イサム・ノグチの名作AKARI ... 世界でも高い評価を受けている彫刻家、イサム・ノグチ氏の手による光のオブジェ。現代の芸術的感性と日本の伝統を見事に融合させた照明デザインの最高傑作として世界中で愛されています。

ノグチは人工的な光、すなわち空中に浮かぶ発光物の彫刻についてあたらしい解釈を作り上げました。日系米国人のノグチは岐阜県を訪れ長良川の鵜飼で見た釣船のうえで燃える提灯に触発され、AKARI(あかり)をデザインしました。これは1940年代のニューヨーク時代に展開していた照明彫刻のコンセプトを拡張させ、日本特有の美しさと現代美術・デザインの原理の融合を目指して抽象的なカタチを作り上げました。

Isamu Noguchi(イサム・ノグチ)「AKARI」1A

Isamu Noguchi(イサム・ノグチ)「AKARI」1N



イサムは、この提灯をベースにしたAKARIを愛し晩年まで新作を作り続けます。その種類は、200以上といわれています。あらゆる意味で石などの彫刻と対極に位置する作品です。当時、ハリウッドでも活躍していた女優山口淑子と結婚し、新居は北鎌倉の北大路魯山人の住まいの一角。魯山人の窯を借り作品を製作するという日本風生活を送っていました。57年の離婚までがイサムの生涯唯一の結婚生活でした。 AKARIでは、自然光に近いやわらかい光源を求めて、手漉きの和紙にこだわりました。やさしさに溢れているのは、日本での幸せな結婚生活が重なっているからでは、ないでしょうか。

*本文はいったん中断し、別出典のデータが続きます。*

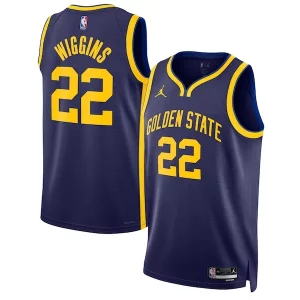 Andrew Wiggins Golden State Warriors Unique Jordan Brand Unisex Swingman Jersey Statement Edition Navy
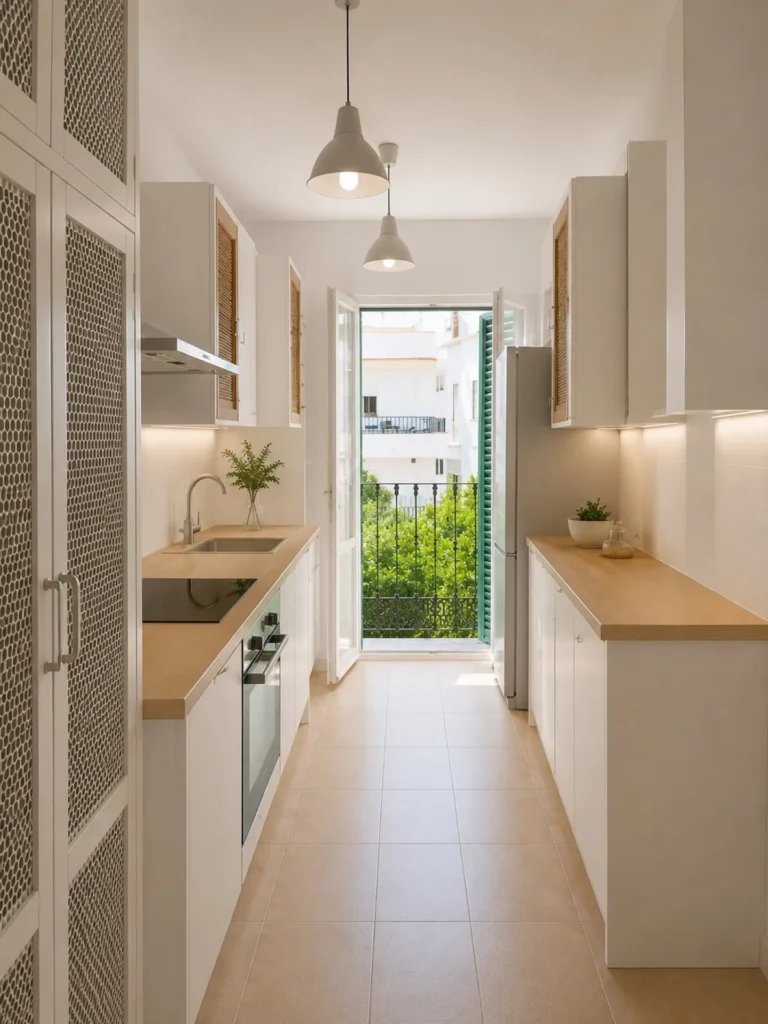 Dormitorio de un piso de tres dormitorios en Sevilla Imagen de recreación virtual.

Isamu Noguchiイサム・ノグチ1904年ロサンゼルス生まれ。コロンビア大学に入学し、医師を志すかたわらレオナルド・ダ・ビンチ美術学校で彫刻を学ぶ。奨学金を授与されると、パリへ渡り留学生活を送る。その後、北京、日本と渡る。1947年にハーマンミラーのデザインディレクターであったジョージ・ネルソンに請われ「ノグチ コーヒーテーブル」を発表。世界を代表する偉大な日系アメリカ人彫刻家。2004年に生誕100周年を迎え、これを期にヴィトラ・デザイン・ミュージアムが販売権利を獲得。魅力的な作品が続々と復刻され話題となっている。イサム・ノグチのこのAKARIは、日本固有の美しい工芸品を見事に現代に蘇生させたとして、たちまち世界中から注目され、日本グッドデザイン賞の受賞やニューヨーク近代美術館に収蔵されたのをはじめ、各国の家庭や店舗で広く愛用されています。